## TASK ITEM
Copy out the data from the line containing "Papel pintado animal" to its last line, exactly. No pictures.

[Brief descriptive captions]
== Segment start ==
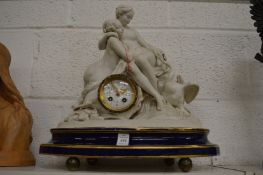A 19th century Parian ware mantel clock 'Leda and the Swan'.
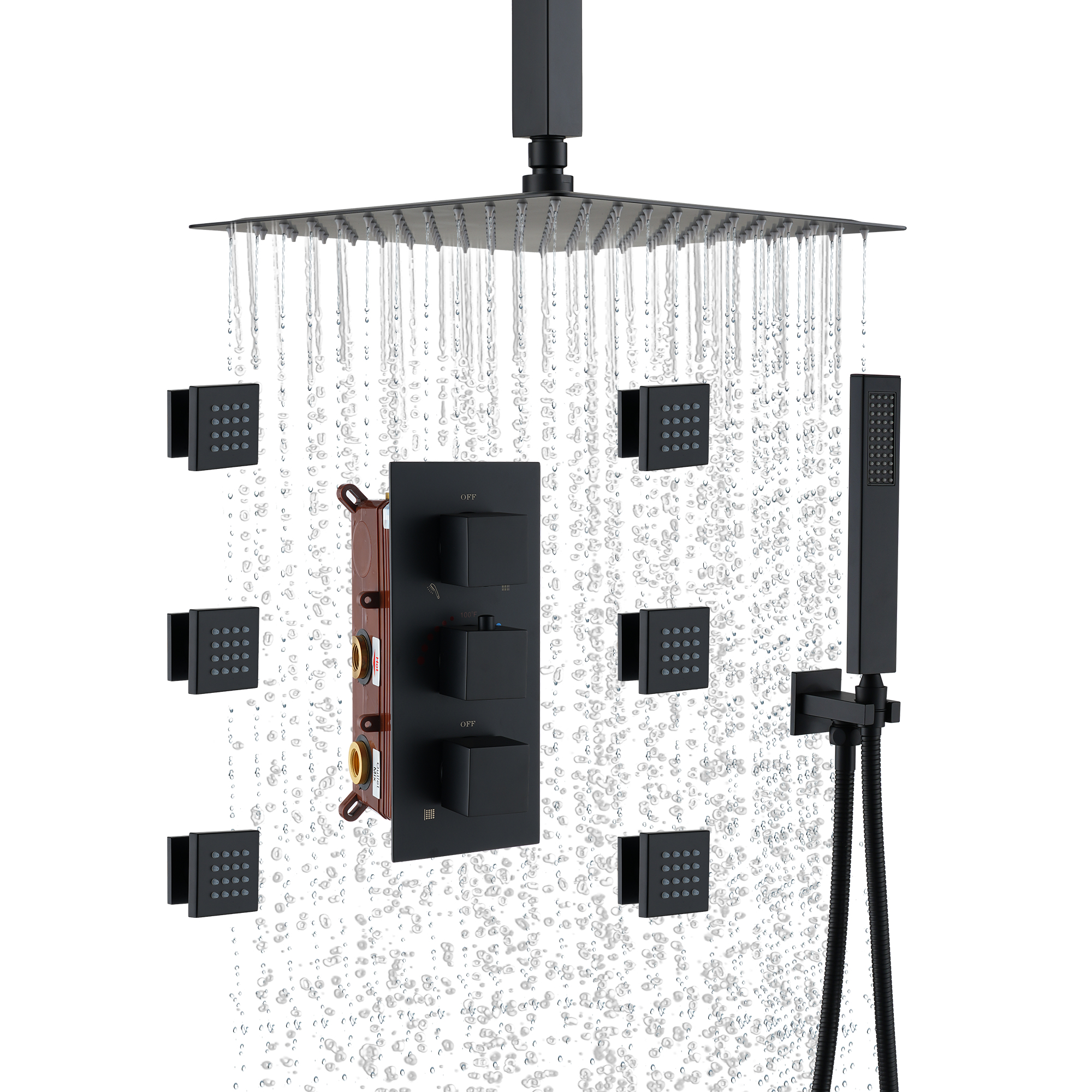 3-Function Ceiling-Mounted Thermostatic Shower System with 6 Body Jets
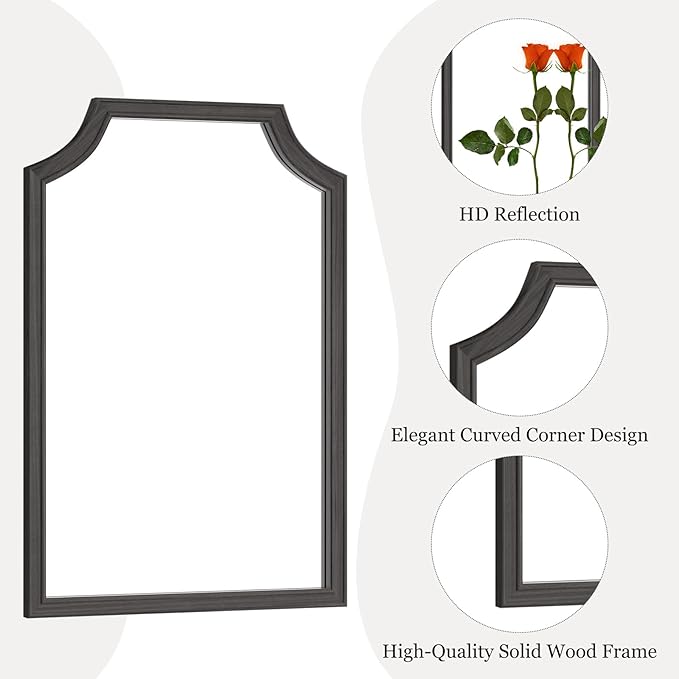 WallBeyond Scalloped Wood Mirror for Small Bathroom Vanity 20x30 Inch Rectangle Wall Mirror Decor for Hallway Bedroom Living Room Home (Black)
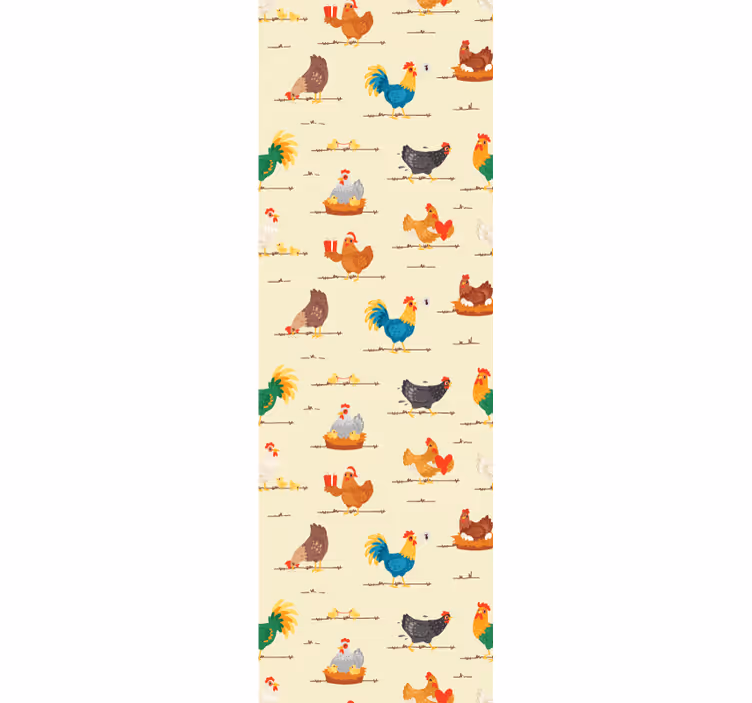 Papel pintado animal pollos en abundancia - TenVinilo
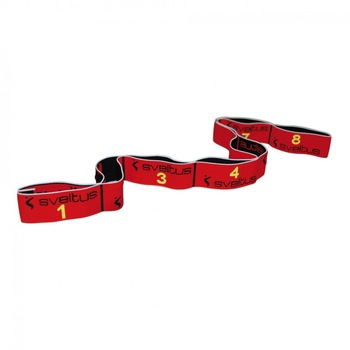 Banda elastica Sveltus, forta 10 kg, cu 8 manere, Rosu Banda elastica Sveltus, forta 10 kg, cu 8 manere, Rosu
== Segment end ==
## REPLY
 Papel pintado animal pollos en abundancia - TenVinilo
 Banda elastica Sveltus, forta 10 kg, cu 8 manere, Rosu Banda elastica Sveltus, forta 10 kg, cu 8 manere, Rosu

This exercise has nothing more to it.